Metadata Basics

A brief introduction to DCMI by Tom Baker as presented at the DCMI Virtual 2021 conference, 4 October 2021 (YouTube).

Metadata, literally "data about data" -- specifically, descriptive metadata -- is structured data about anything that can be named, such as Web pages, books, journal articles, images, songs, products, processes, people (and their activities), research data, concepts, and services. Now a mainstream concept, metadata first trended in 1995, closely following World Wide Web in 1994. ("Big data" metadata about actions and transactions such as Facebook likes, phone calls, tweets, and the like, which trended in 2013, is out of scope for this brief introduction.)
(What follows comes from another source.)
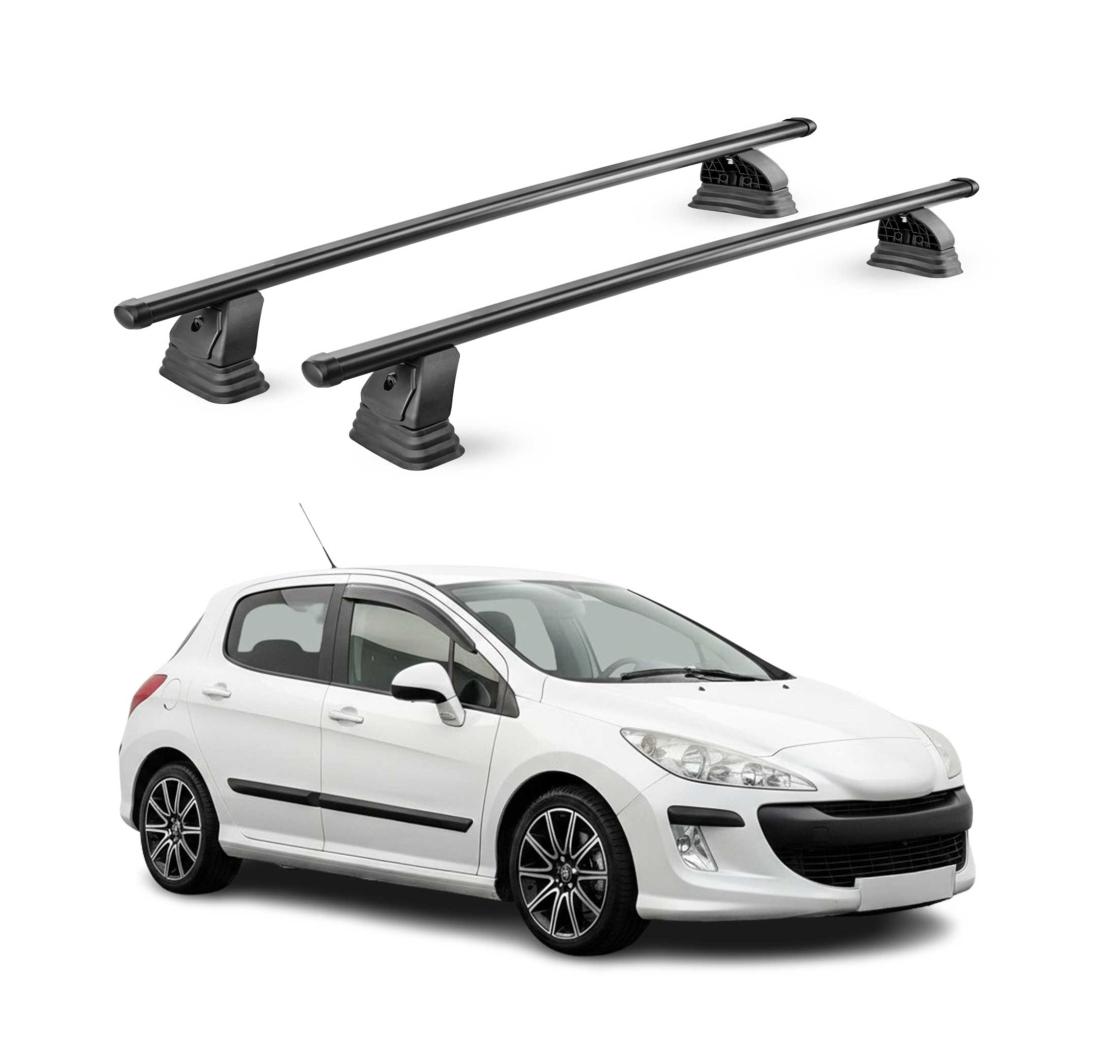 Krovni nosači PEUGEOT 308 I HB SW 2007-2013 | čelik | Molydon
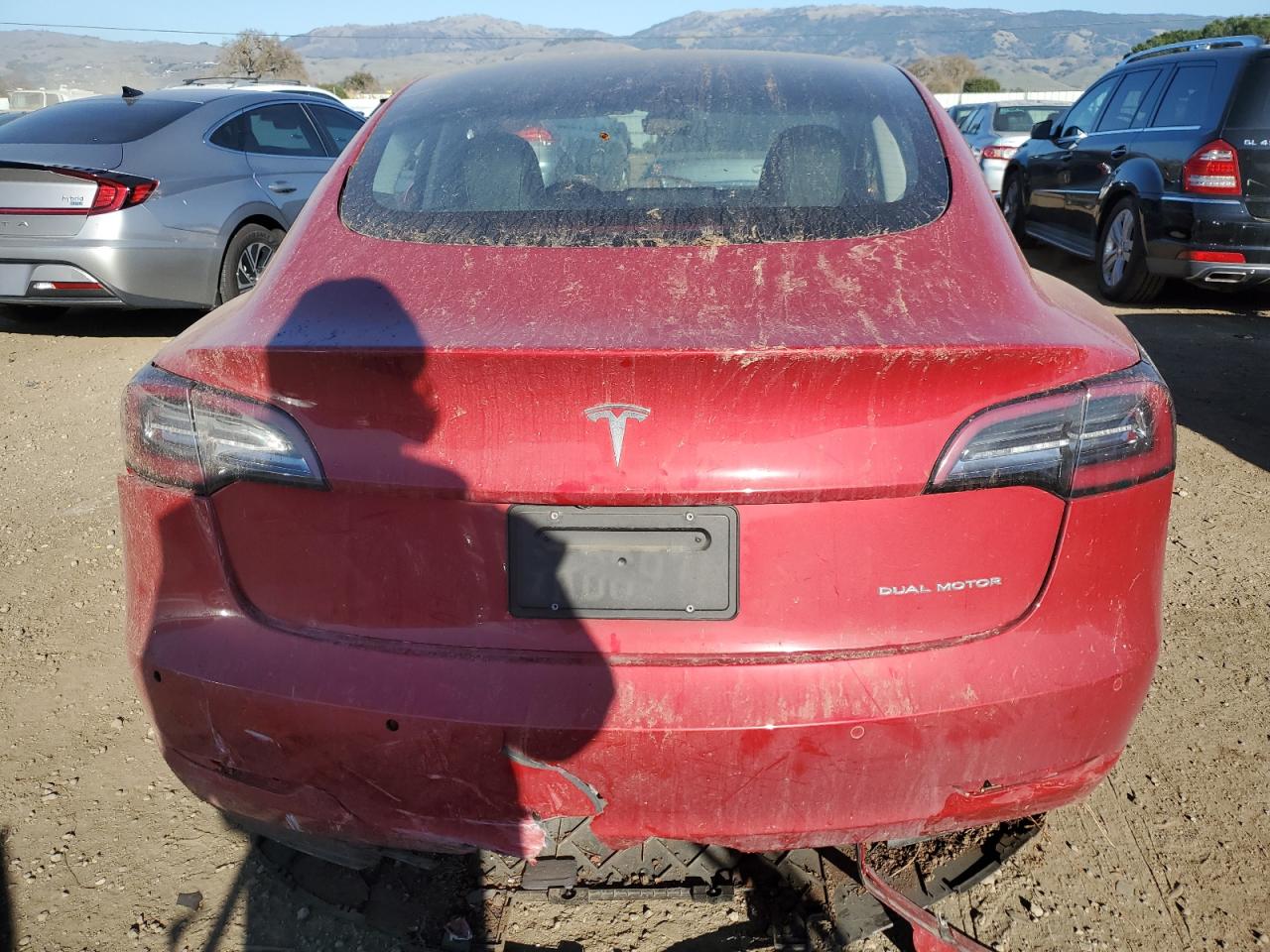 2022 TESLA MODEL 3  VIN:5YJ3E1EBXNF171183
Dublin Core™ metadata, or perhaps more accurately metadata "in the Dublin Core™ style", is metadata designed for interoperability on the basis of Semantic Web or Linked Data principles. Metadata in this style uses Uniform Resource Identifiers (URIs) as global identifiers both for the things described by the metadata and for the terms used to describe them (vocabularies). This style is distinguished by the application profile -- a specification detailing how well-known generic vocabularies such as the Dublin Core are used, constrained, or combined with more specialized vocabularies to meet the requirements of specific applications. Application profiles have been the focus of the Dublin Core™ community since they first trended in 2000.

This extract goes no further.